Thursday, 11 May 2017

Caroline Ncube

Comesa - Update on recent IP developments and their continental impact

As reported here, Comesa adopted an IP Policy in 2013. In addition Comesa has an IP Unit, committee and programme. It has been forging ahead in relation to IP matters and this post comments on two recent developments and their significance.

First, in December 2016, COMESA signed a Memorandum of Agreement with ARIPO.  The purpose of the MoU is described as follows:"The MoU will facilitate cooperation in the harmonisation of policies, laws and strategies to promote IP development for the benefit of all. Through this collaboration, there will be capacity building and awareness creation on the importance of the use of IP for economic development and promotion of innovation and creativity in the region." The import of this is that ARIPO is more closely aligning its activities with regional economic community (REC) activities and will therefore be integral to unfolding regional integration developments.  This is a smart move because it allows ARIPO to spread its wings into policy and trade-related aspects of IP which it has, to date, not been focused upon.

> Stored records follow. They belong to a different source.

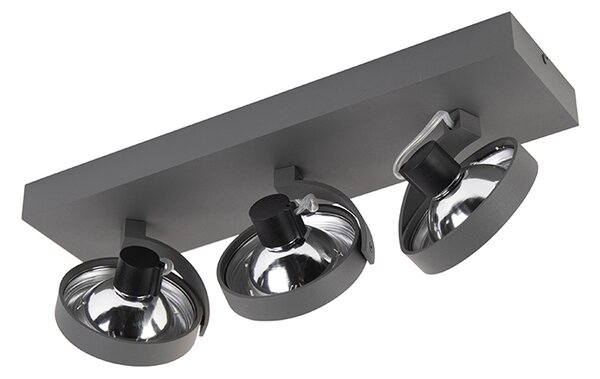 Faretto di design grigio orientabile 3 luci - Go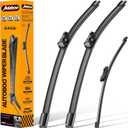 AUTOBOO 25"+22" Windshield Wipers with 15" Rear Wiper Blade Replacement for Volkswagen VW Tiguan 2018 2019 2020 2021 2022 2023 2024 2025 -Original Factory Quality (Pack of 3)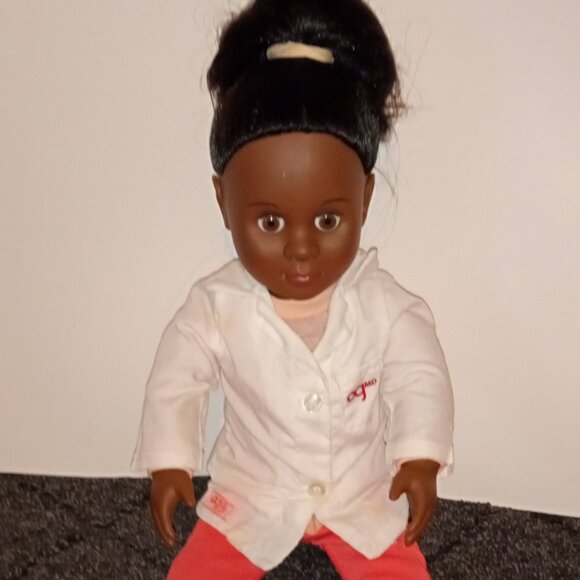 BATTAT AFRICAN AMERICAN OUR GENERATION 18" DOCTOR MEAGAN DOLL WITH BROWN EYES - Picture 1 of 6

Second, in April 2017, Microsoft 4Afrika transferred full ownership and management of its IP Hub to COMESA (see full report in the e-Comesa newsletter).  According to its online blurb, The IP Hub is intended to "as a portal of information on the various IP Authorities and IP landscape in the COMESA region". Such information would be an invaluable resource.

These strides taken by COMESA will have a large continental footprint because of the COMESA-EAC-SADC Tripartite Free Trade Agreement (TFTA) which will sweep 26 African states into its fold. The agreement is yet to come into force as the requisite 14 ratifications have not been reached. However, as it stands, it excludes IP aspects which are expected to be included in the next phase of negotiations which are required to be completed within 24 months of the entry into force of the TFTA.  When these negotiations open, COMESA, EAC and SADC will seek to advance the IP positions that they have taken in their sub-regional initiatives. Beyond this, the TFTA member states will be a major block in the proposed Continental FTA (CFTA) and ultimately, the African Economic Community which is intended to be in place by 2028. (see TRALAC "The relation between the Tripartite FTA and the Continental FTA") Therefore, the COMESA IP Policy and the recent developments noted above, will acquire an increased significance.

Future posts will comment on the EAC and SADC's IP initiatives.